Ethics policies: It's just good business

ABOUT THE AUTHOR

Dave FauldersDave Faulders is a business attorney in the Richmond offices of Executive Counsel, PLC, a business law firm that is composed primarily of former corporate general counsel. He can be reached at dfaulders@exec-counsel.com.

Legal Matters is written by the members of the statewide law firm Executive Counsel PLC. Most of the firm's members formerly served as general counsel at large corporations. They will rotate turns as columnists, discussing a variety of legal issues facing Virginia businesses.

Next month: David Zerbee, from the Fairfax office of Executive Counsel PLC will discuss legal aspects of emergency preparedness/disaster response.

READER REACTION

by Dave Faulders
for Virginia Business
September 2006

Are you concerned about the business reputation of your company and its employees? What would happen to your sales if your company is drawn into a scandal? Does everyone in your organization know the company's standards of behavior? These are basic and important questions that every executive should address.

As most readers are aware, corporate ethics has been a hot topic in recent years. If you Google the term "Sarbanes Oxley Act," or SOx, which was adopted in the wake of scandals at Enron, WorldCom, Tyco and other companies, as a regulatory effort to raise the bar for corporate ethics, you will receive nearly 7 million hits. The term "conflicts of interest" yields more than 16 million hits.

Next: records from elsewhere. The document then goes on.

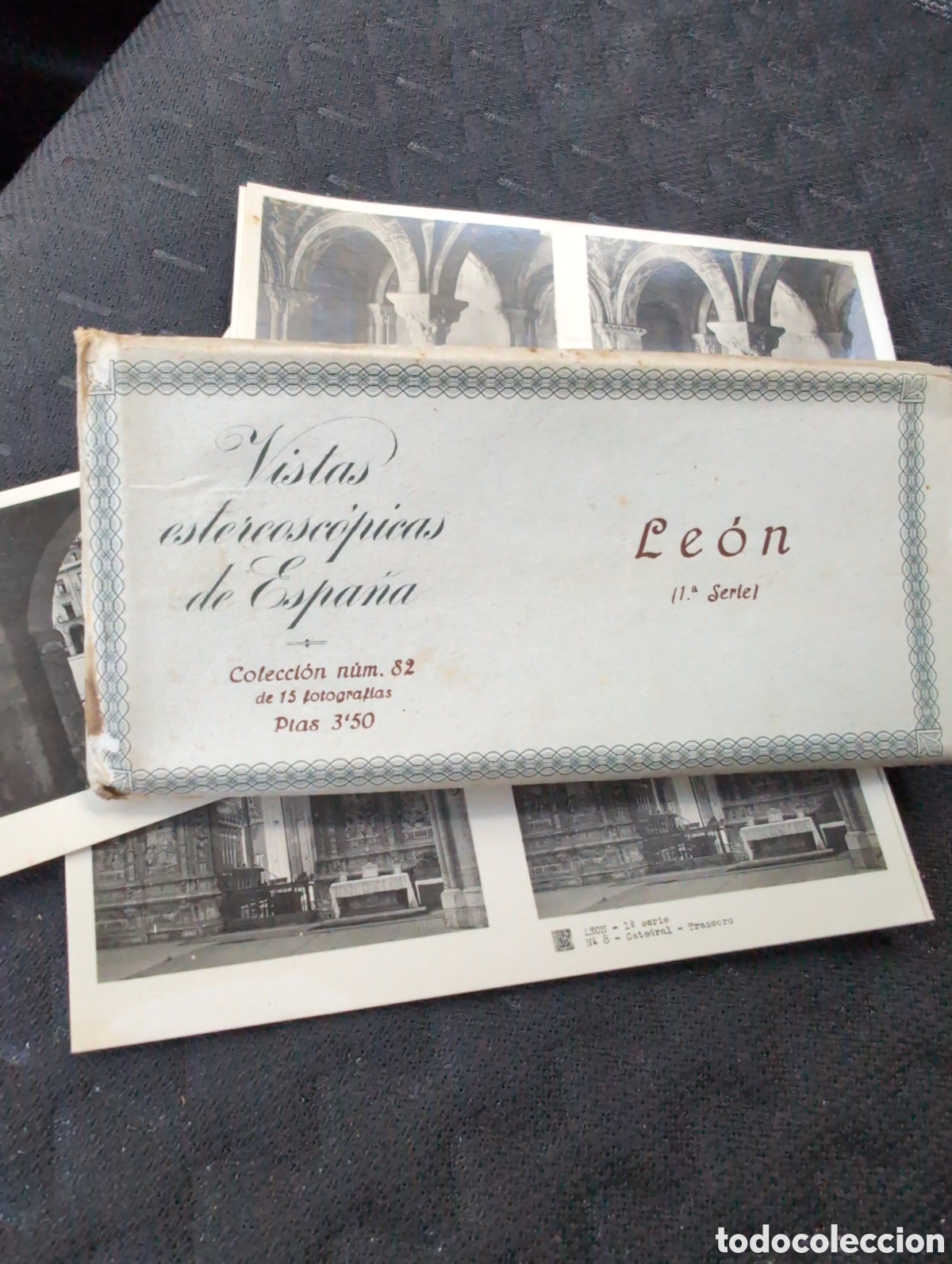 Fotograf&iacute;a antigua: Le&oacute;n estereoscopias m&aacute;s en mi perfil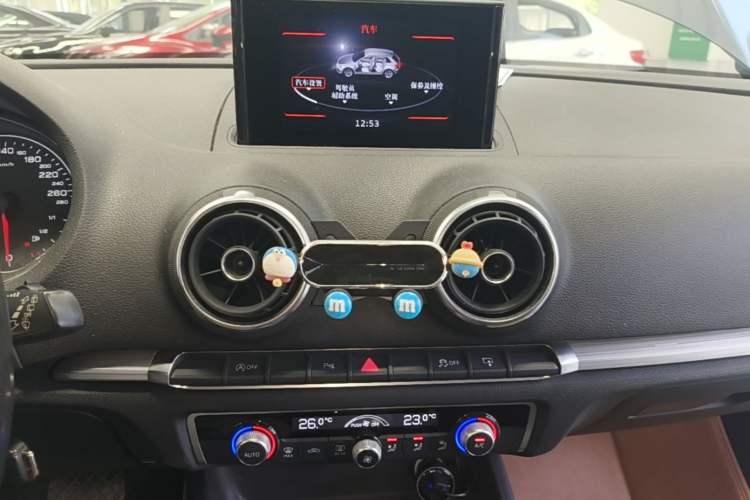 Used Audi A3 2014 Sportback 35 TFSI Automatic Comfort Model Audio And AC Panel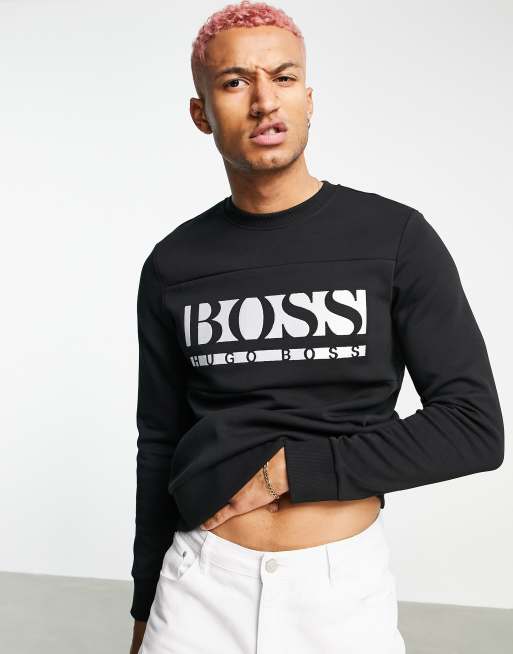 Boss sales athleisure sweatshirt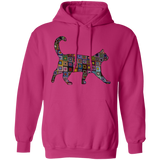 Granny Square Cat Pullover Hoodie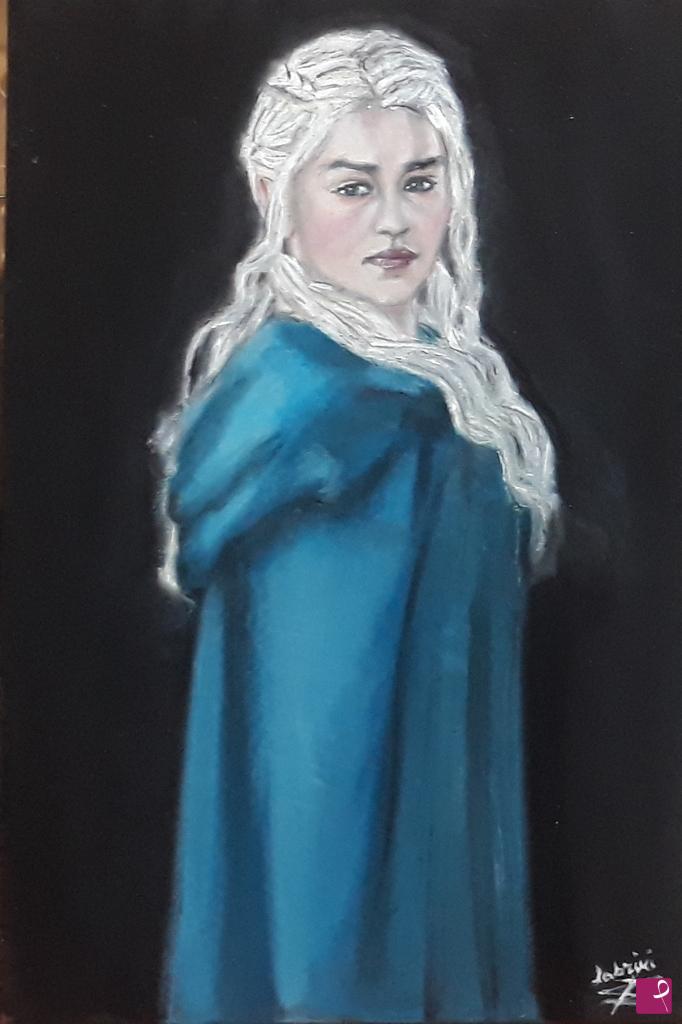 quadri in vendita online - Daenerys (DiPINTO)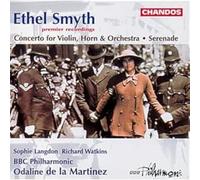 Smyth, E. - Concerto Violin, Horn & O [Import]
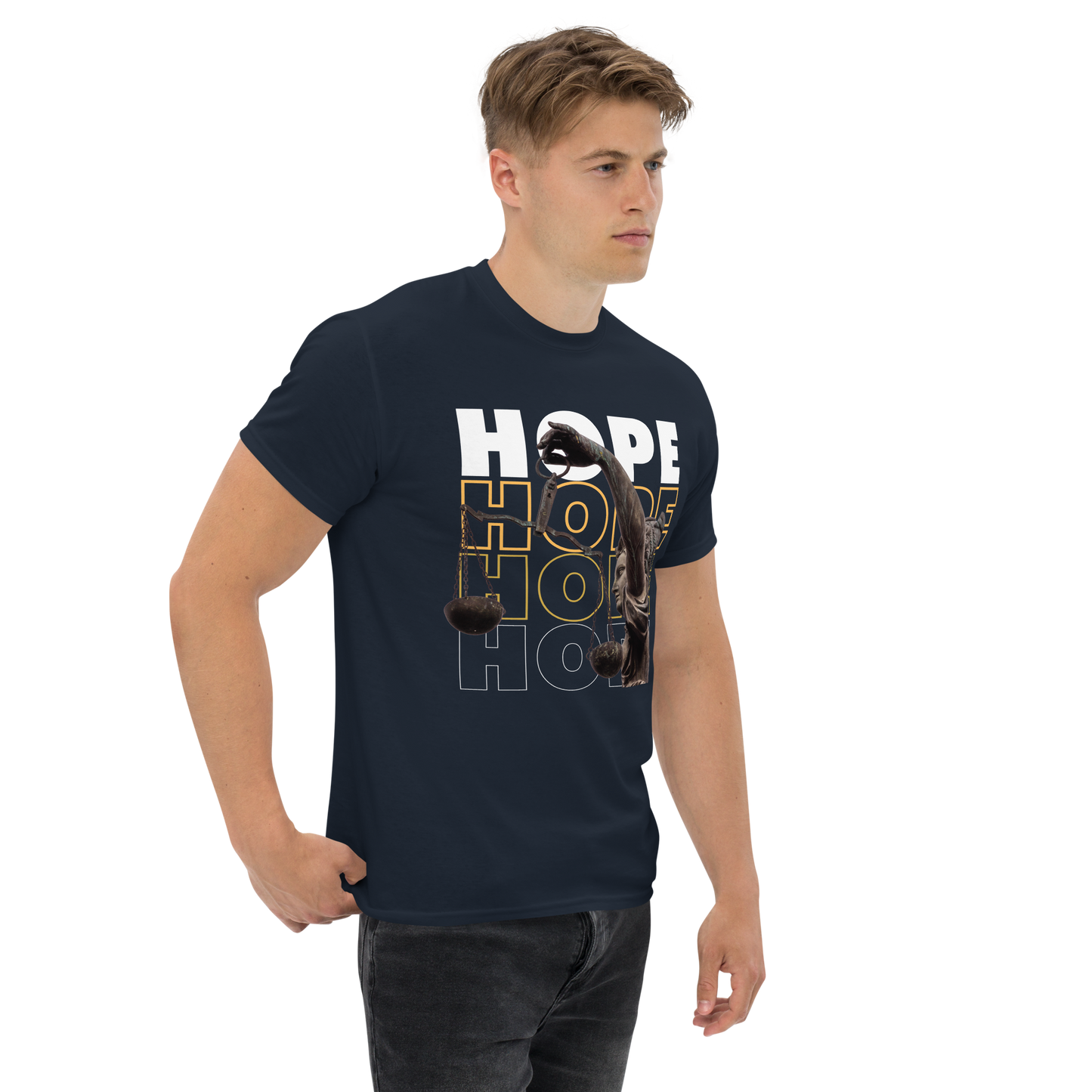 Men's Hope Graphic T-shirt, Men's Hope T-shirt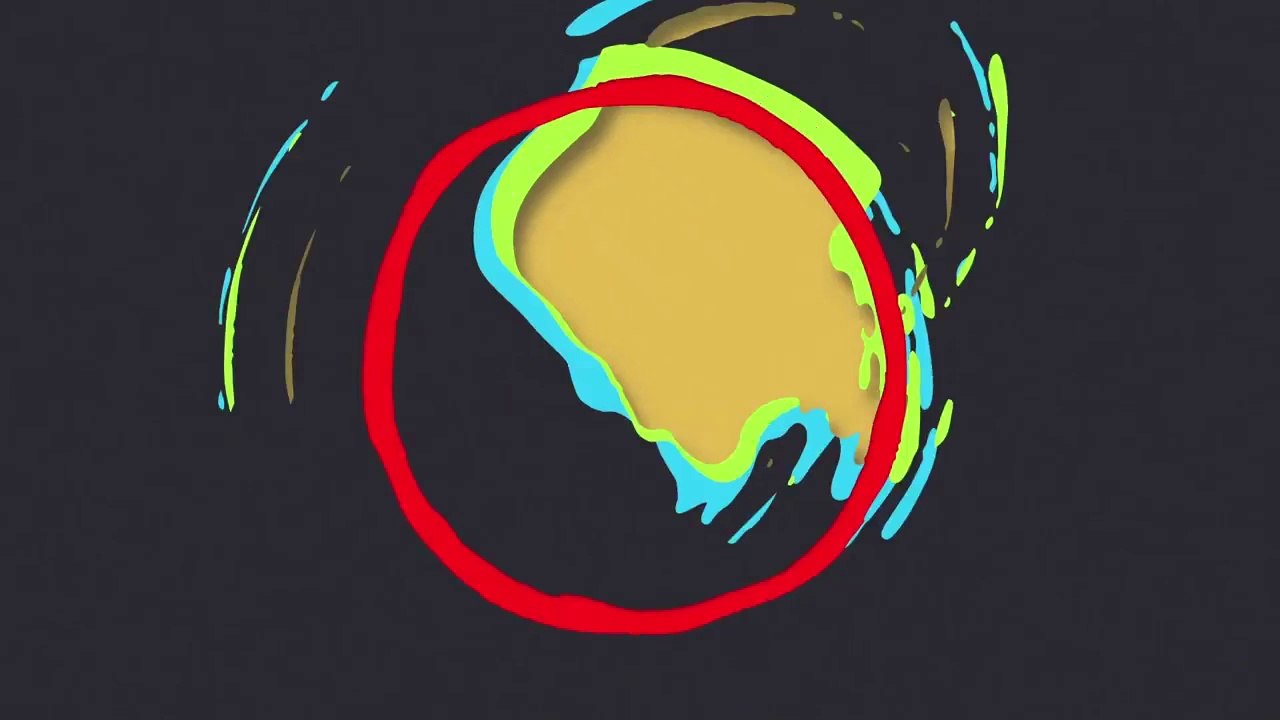 Modern Liquid Reveal Intro Templates | Free Template | Stock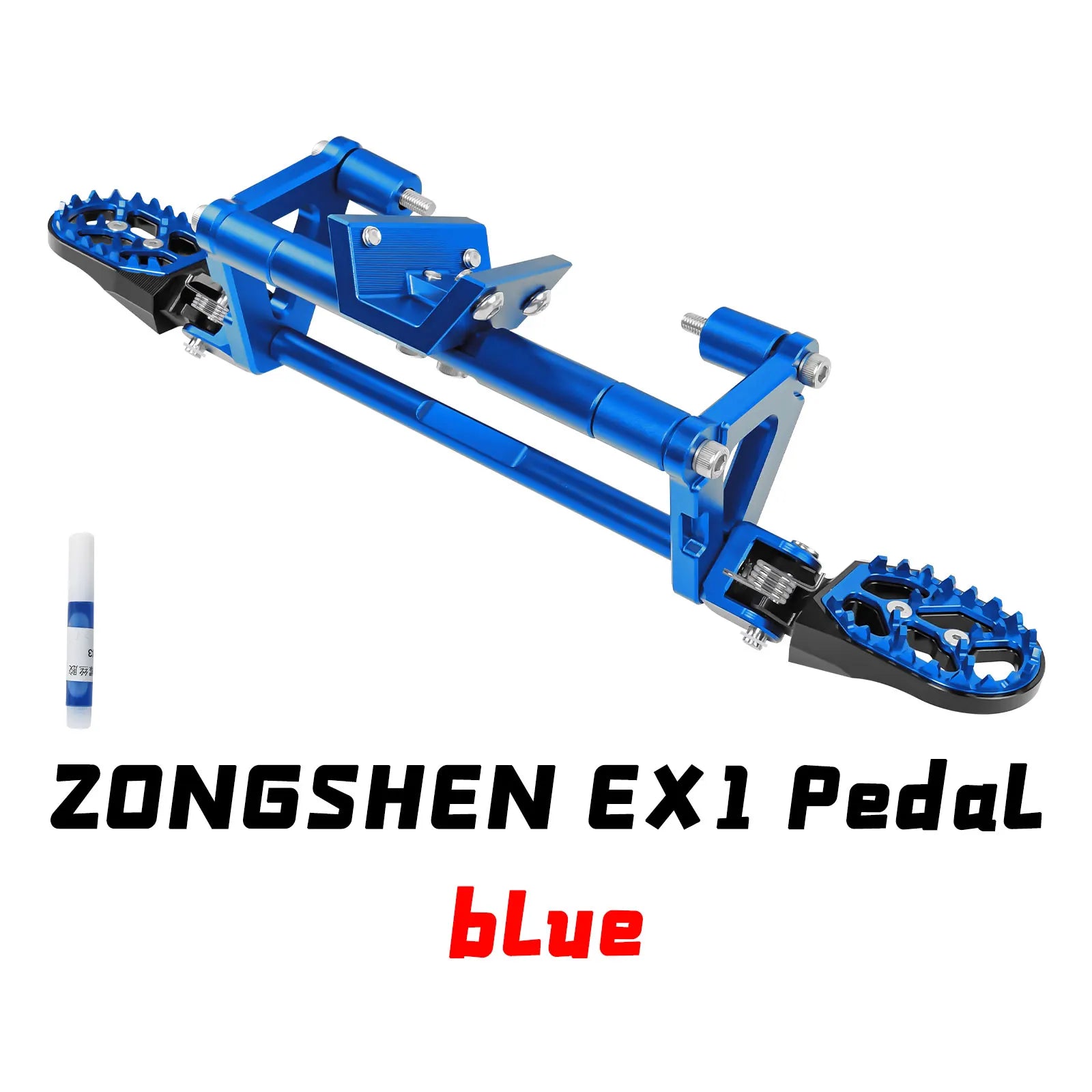 For Zongshen EX1 Foot Pedals Footrest Peg Electric Bicycles Off-road High-quality Footpegs For zongshen Motorcycles Accessories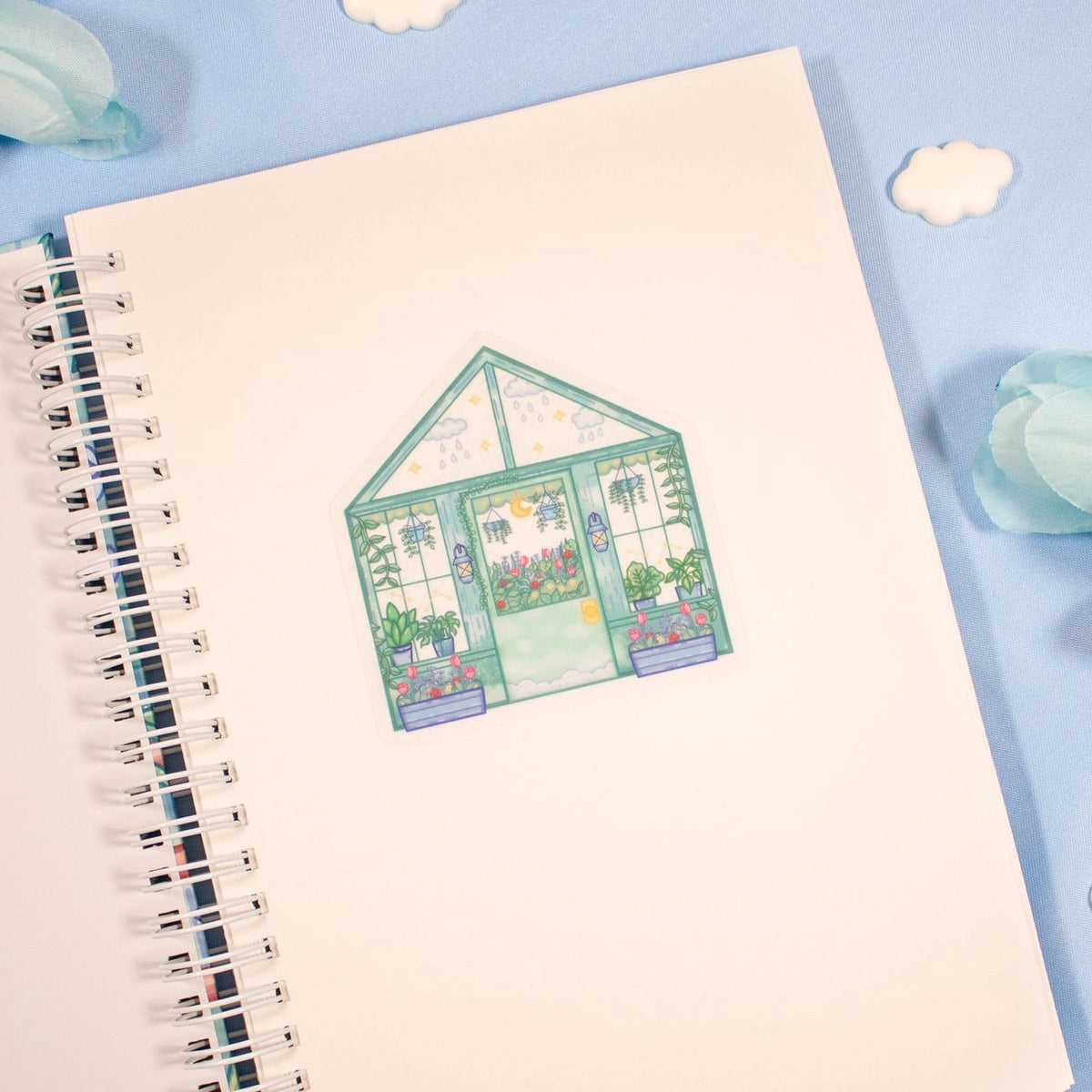 Unicorn Eclipse - Botanical Bliss Reusable Sticker Book

Reusable Sticker books are used to store stickers and they come with double-sided release paper to ensure stickers can stick and be removed from the page cleanly. They’re great for collecting stickers!

✧Size &amp; Materials✧

Size (WxH): 5.75 in x 8.25 in (A5)
50 sheets (100 in total including both sides)
Sticker release paper with frosted clear cover
Sticker not included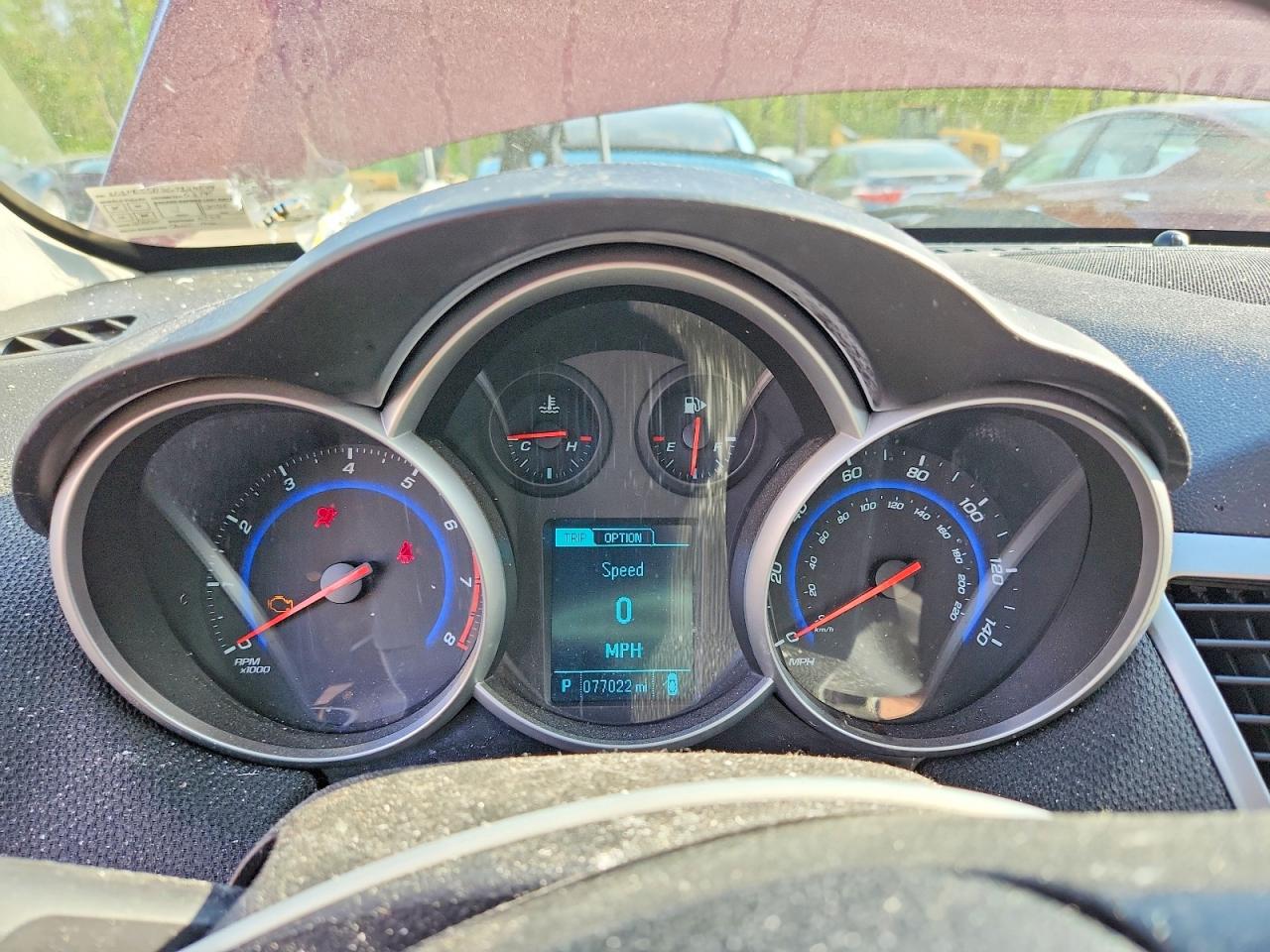 Chevrolet Cruze Lt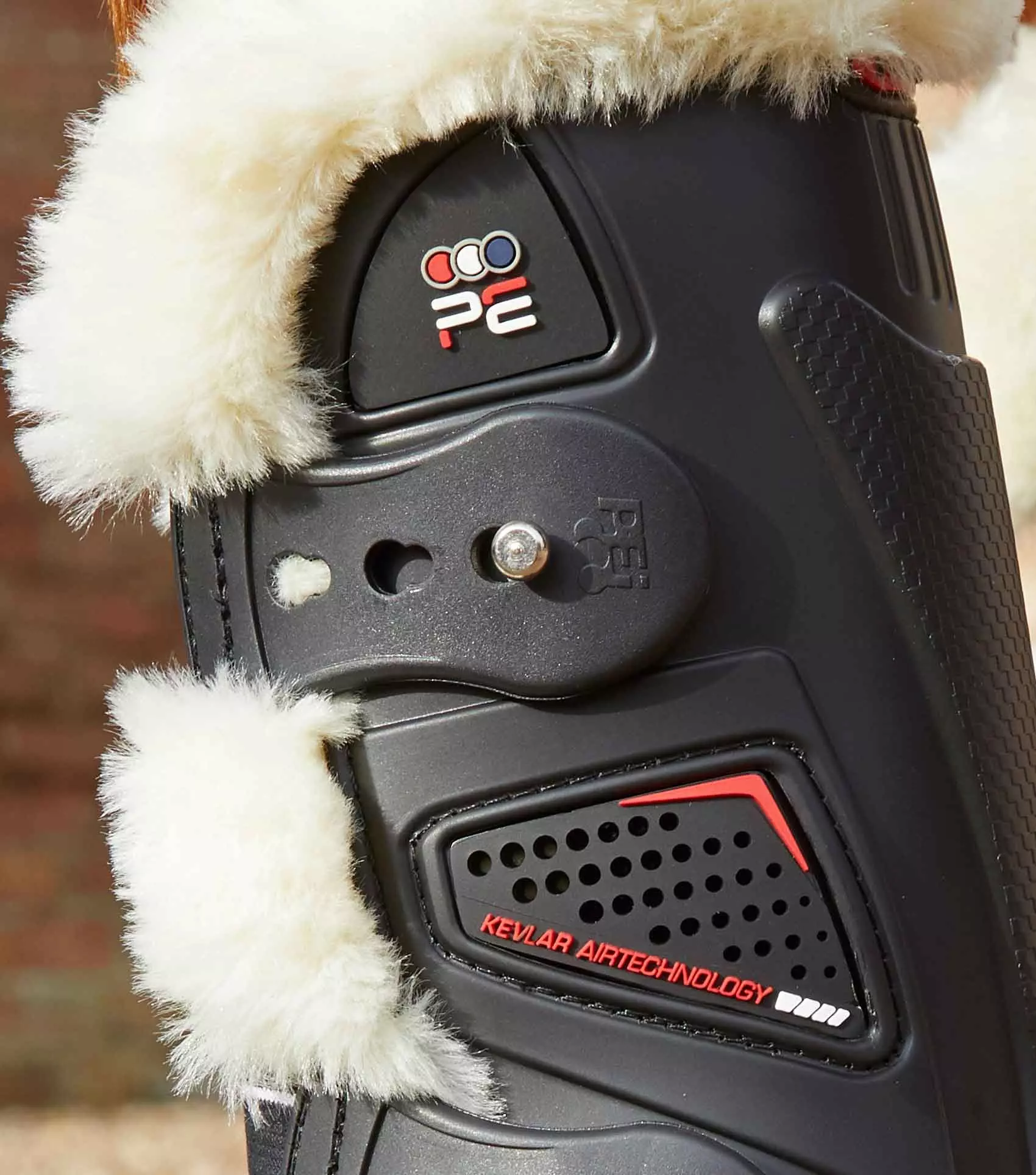 Premier Equine Techno Wool Tendon Boots 6 Premier Equine Techno Wool Tendon Boots - Image 4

Among other things, SOx requires publicly traded companies to have various ethics and conflicts-of-interest policies. It does not require the same for private companies. Nevertheless, ethics and conflicts-of -interest policies are essential for all companies - even absent regulatory requirement - for three important reasons.

First, these policies set forth expectations and requirements for company employees. Not only is employee morale improved when expectations are established and enforced, but also the company benefits from greater protection in employee disciplinary matters.

 

Second, having ethics and conflicts-of-interest policies helps a company avoid or successfully defend against costly lawsuits. Written policies that are consistently enforced can be a strong defense against many types of actions, such as sexual harassment and insider trading. Indeed, E. Norman Veasley, former chief justice of the Delaware Supreme Court, has indicated that courts likely will view conformance with SOx corporate governance principles as the standard for "reasonable" corporate behavior, whether or not the company is public.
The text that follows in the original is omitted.